The answer must be only the lines below from the one holding "Volkswagen Modellini d'auto: Vw" down to the one holding "Personalisierte Buch-Medaillon Kette", ends included, printed exactly; please omit all pictures.

> [RECORDS PROVIDED]
====

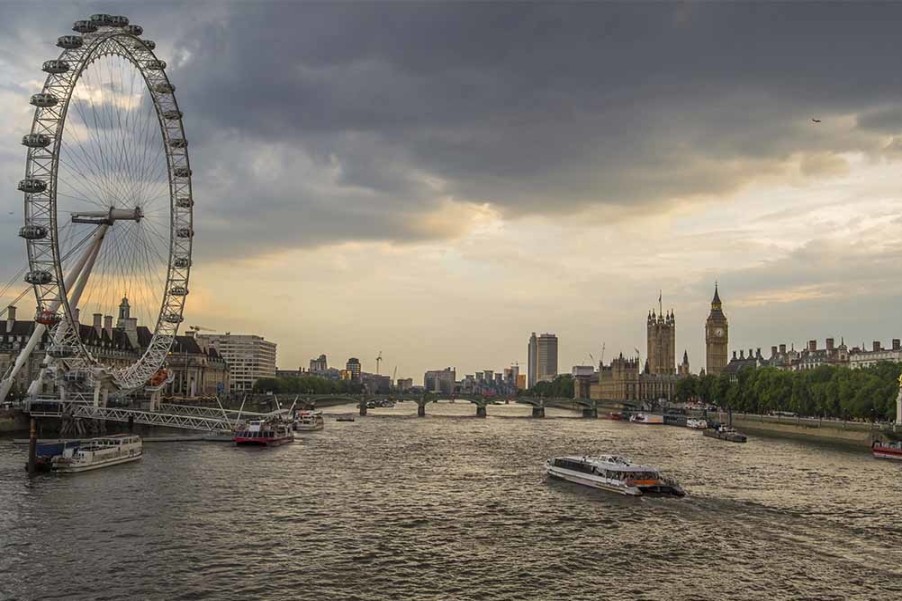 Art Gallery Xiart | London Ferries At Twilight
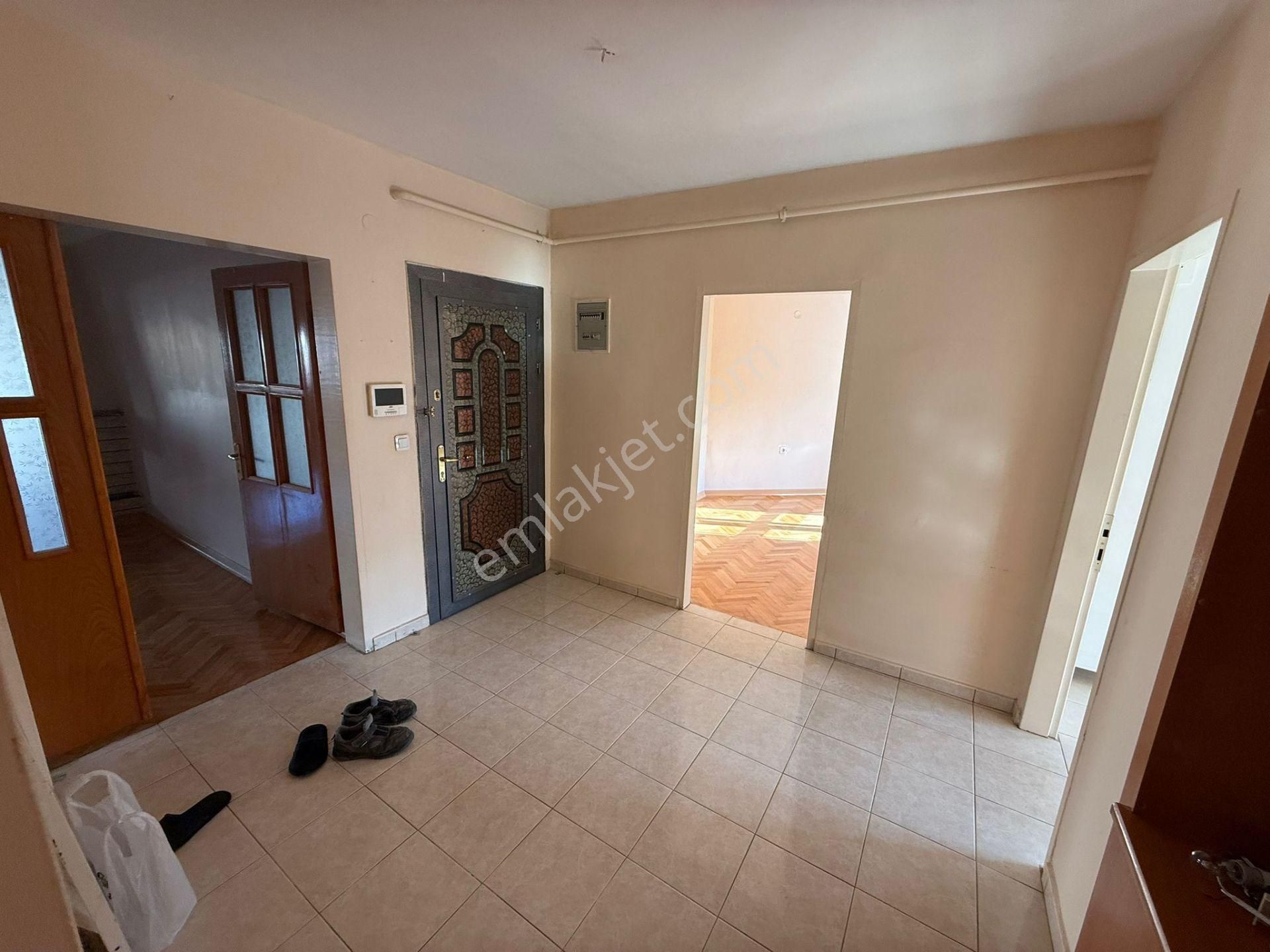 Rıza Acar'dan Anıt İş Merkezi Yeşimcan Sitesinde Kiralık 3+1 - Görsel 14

====

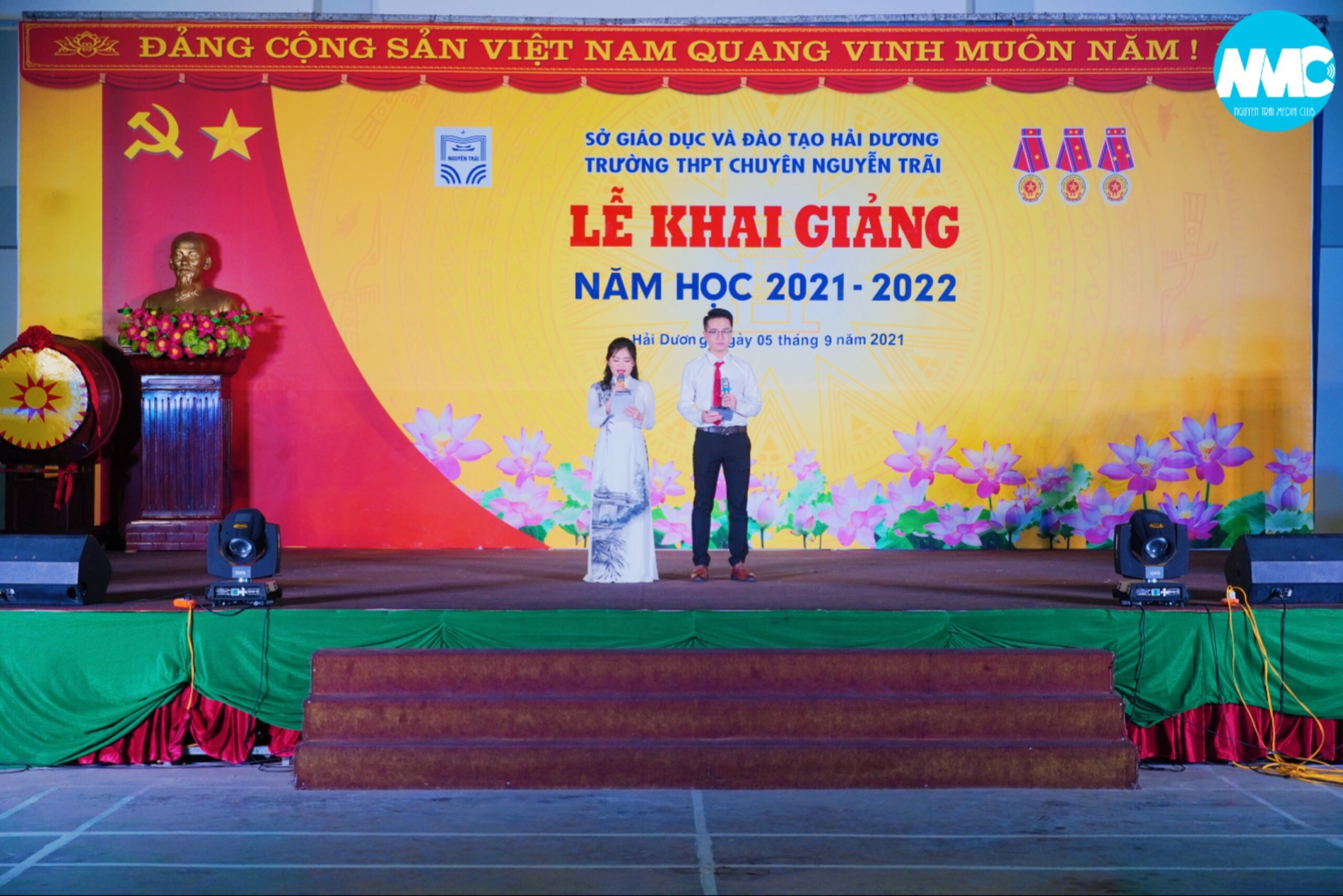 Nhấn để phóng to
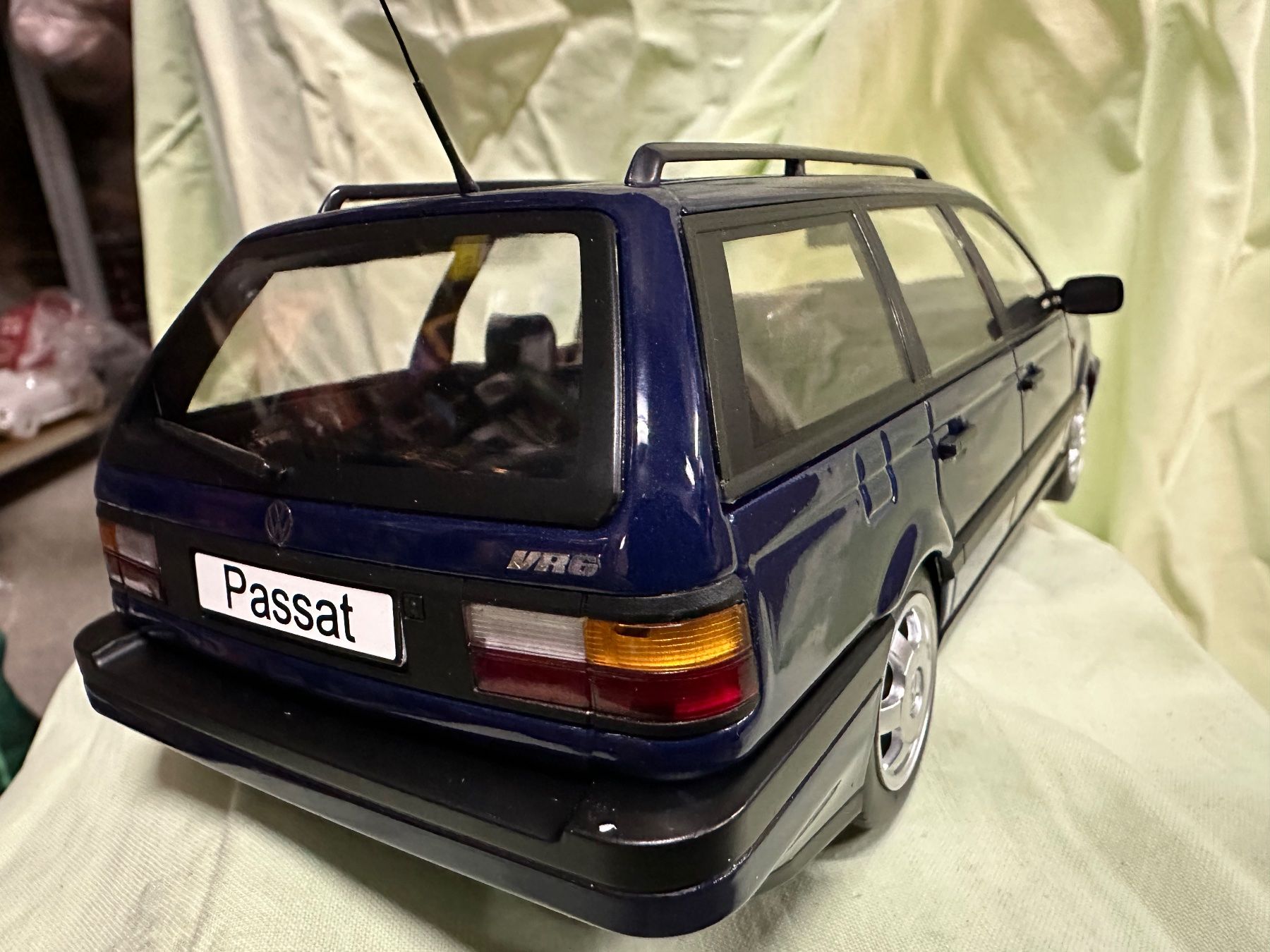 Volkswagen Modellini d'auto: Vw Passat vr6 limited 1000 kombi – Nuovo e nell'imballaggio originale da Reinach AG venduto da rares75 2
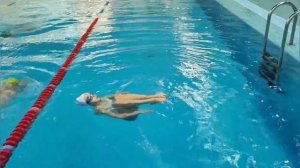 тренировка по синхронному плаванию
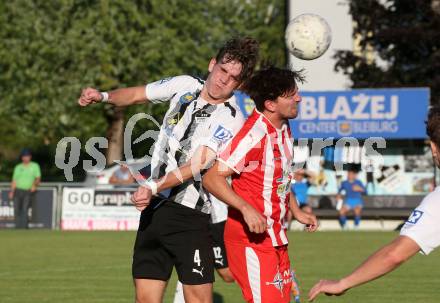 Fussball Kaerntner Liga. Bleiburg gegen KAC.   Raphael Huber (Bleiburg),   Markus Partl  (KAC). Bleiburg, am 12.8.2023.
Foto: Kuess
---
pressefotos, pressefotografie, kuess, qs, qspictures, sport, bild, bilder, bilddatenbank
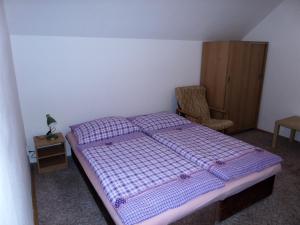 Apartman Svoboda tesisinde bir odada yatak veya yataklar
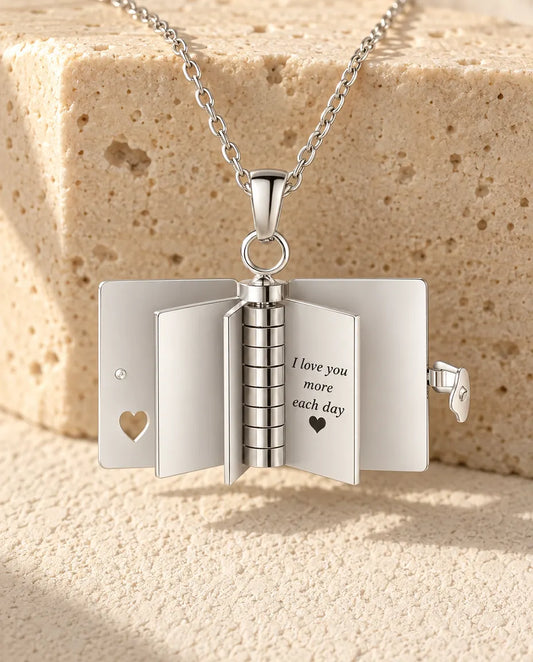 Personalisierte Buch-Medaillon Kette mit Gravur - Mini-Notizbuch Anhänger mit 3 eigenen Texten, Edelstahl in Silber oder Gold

====

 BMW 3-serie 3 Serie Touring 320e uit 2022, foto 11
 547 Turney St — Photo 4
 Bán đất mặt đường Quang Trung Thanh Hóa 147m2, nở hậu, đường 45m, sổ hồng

====

> [COMPLETED TASK]
 Volkswagen Modellini d'auto: Vw Passat vr6 limited 1000 kombi – Nuovo e nell'imballaggio originale da Reinach AG venduto da rares75 2
 тренировка по синхронному плаванию
 Fussball Kaerntner Liga. Bleiburg gegen KAC.   Raphael Huber (Bleiburg),   Markus Partl  (KAC). Bleiburg, am 12.8.2023.
Foto: Kuess
---
pressefotos, pressefotografie, kuess, qs, qspictures, sport, bild, bilder, bilddatenbank
 Apartman Svoboda tesisinde bir odada yatak veya yataklar
 Personalisierte Buch-Medaillon Kette mit Gravur - Mini-Notizbuch Anhänger mit 3 eigenen Texten, Edelstahl in Silber oder Gold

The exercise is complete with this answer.